Scientific Reports (Dec 2023)

Deep UV-excited fluorescence microscopy installed with CycleGAN-assisted image translation enhances precise detection of lymph node metastasis towards rapid intraoperative diagnosis

  • Junya Sato,
  • Tatsuya Matsumoto,
  • Ryuta Nakao,
  • Hideo Tanaka,
  • Hajime Nagahara,
  • Hirohiko Niioka,
  • Tetsuro Takamatsu

DOI
https://doi.org/10.1038/s41598-023-48319-7
Journal volume & issue
Vol. 13, no. 1
pp. 1 – 11

Abstract

Read online

Abstract Rapid and precise intraoperative diagnosing systems are required for improving surgical outcomes and patient prognosis. Because of the poor quality and time-intensive process of the prevalent frozen section procedure, various intraoperative diagnostic imaging systems have been explored. Microscopy with ultraviolet surface excitation (MUSE) is an inexpensive, maintenance-free, and rapid imaging technique that yields images like thin-sectioned samples without sectioning. However, pathologists find it nearly impossible to assign diagnostic labels to MUSE images of unfixed specimens; thus, AI for intraoperative diagnosis cannot be trained in a supervised learning manner. In this study, we propose a deep-learning pipeline model for lymph node metastasis detection, in which CycleGAN translate MUSE images of unfixed lymph nodes to formalin-fixed paraffin-embedded (FFPE) sample, and diagnostic prediction is performed using deep convolutional neural network trained on FFPE sample images.

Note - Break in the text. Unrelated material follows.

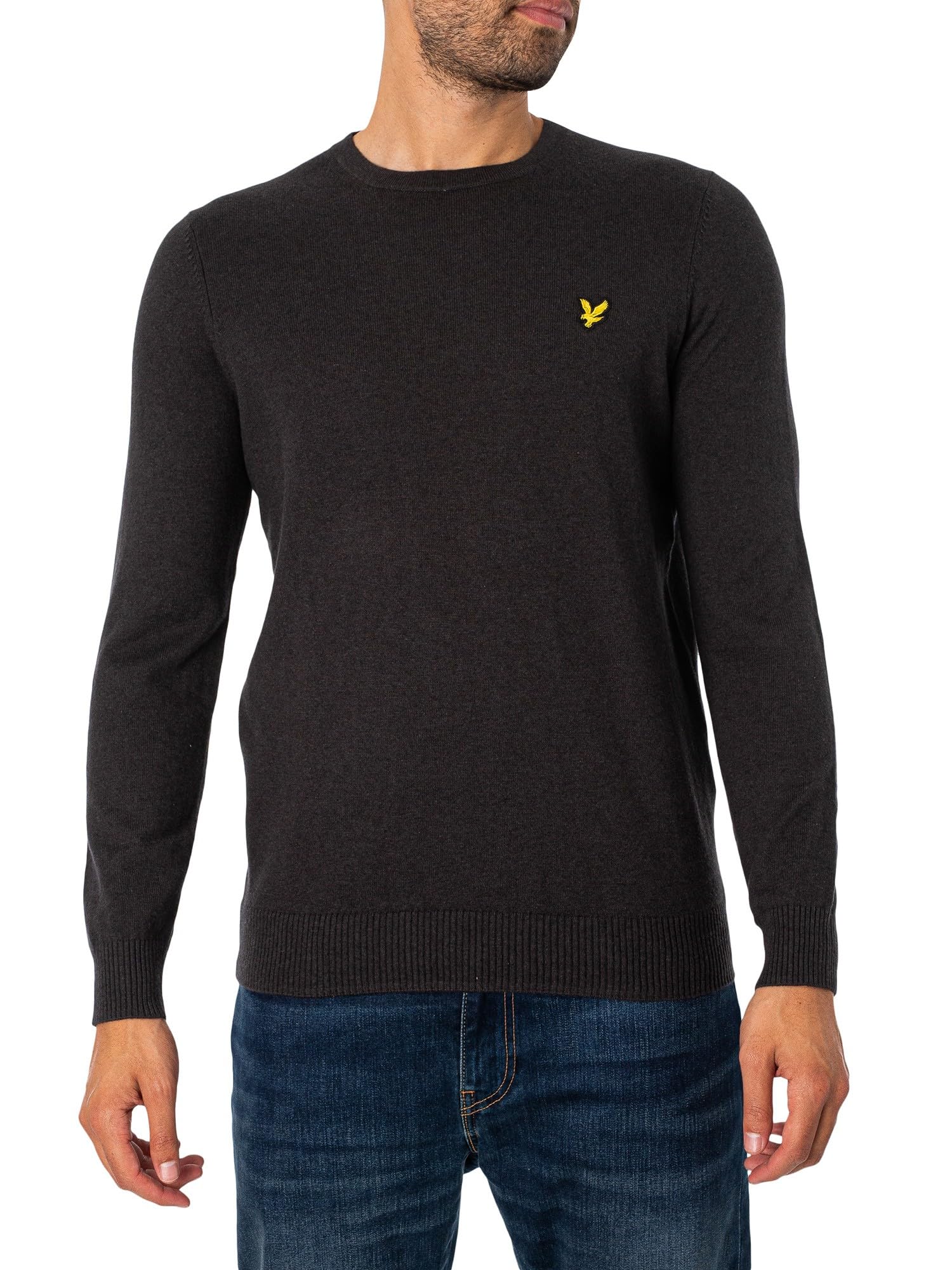 Pull Col Ras du Cou Lyle & Scott Hommes Coton Mérinos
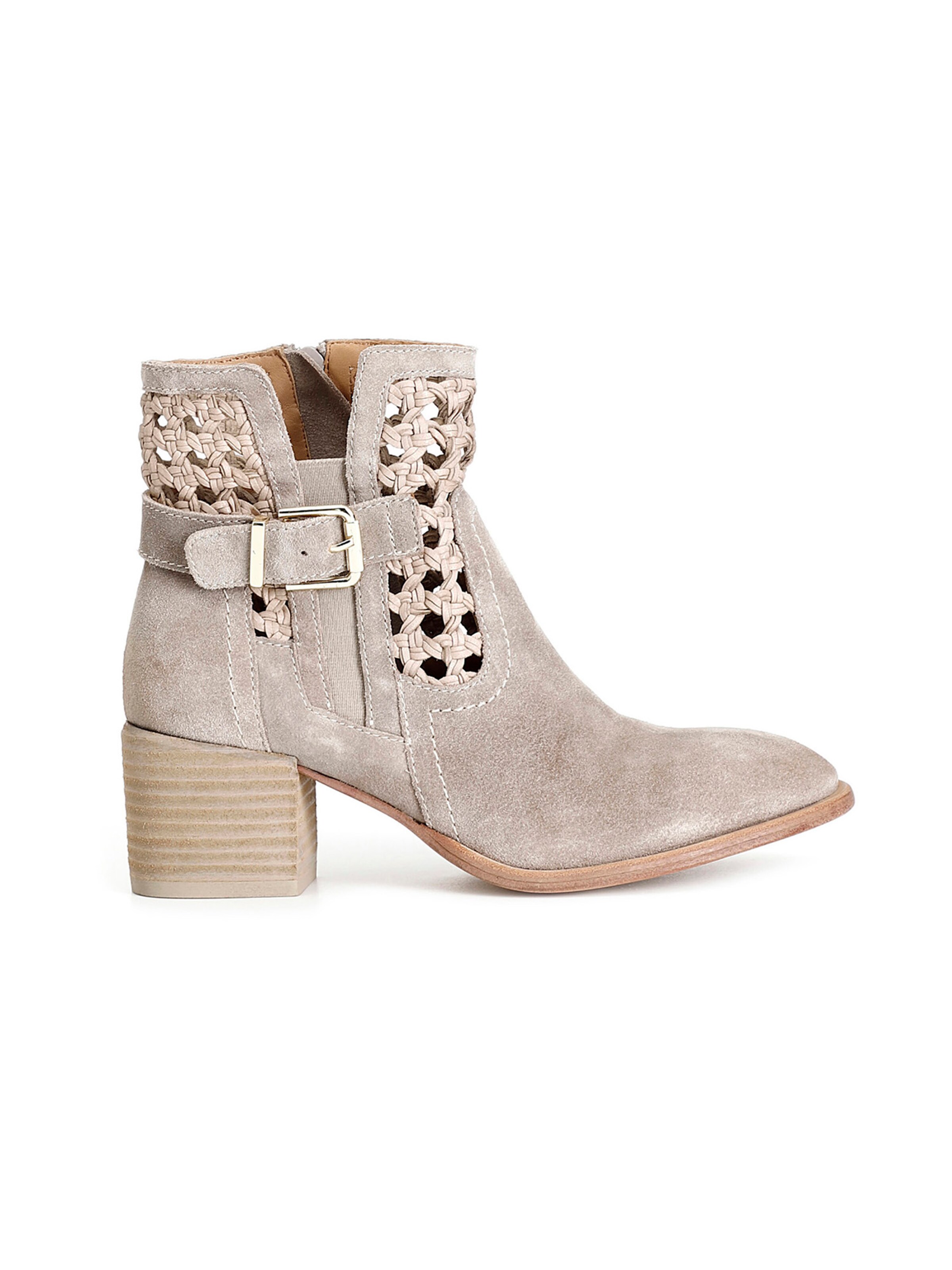 Stivaletto di CAFè NOIR in grigio: frontale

Our pipeline yielded an average accuracy of 84.6% when using each of the three deep convolutional neural networks, which is a 18.3% increase over the classification-only model without CycleGAN. The modality translation to FFPE sample images using CycleGAN can be applied to various intraoperative diagnostic imaging systems and eliminate the difficulty for pathologists in labeling new modality images in clinical sites. We anticipate our pipeline to be a starting point for accurate rapid intraoperative diagnostic systems for new imaging modalities, leading to healthcare quality improvement.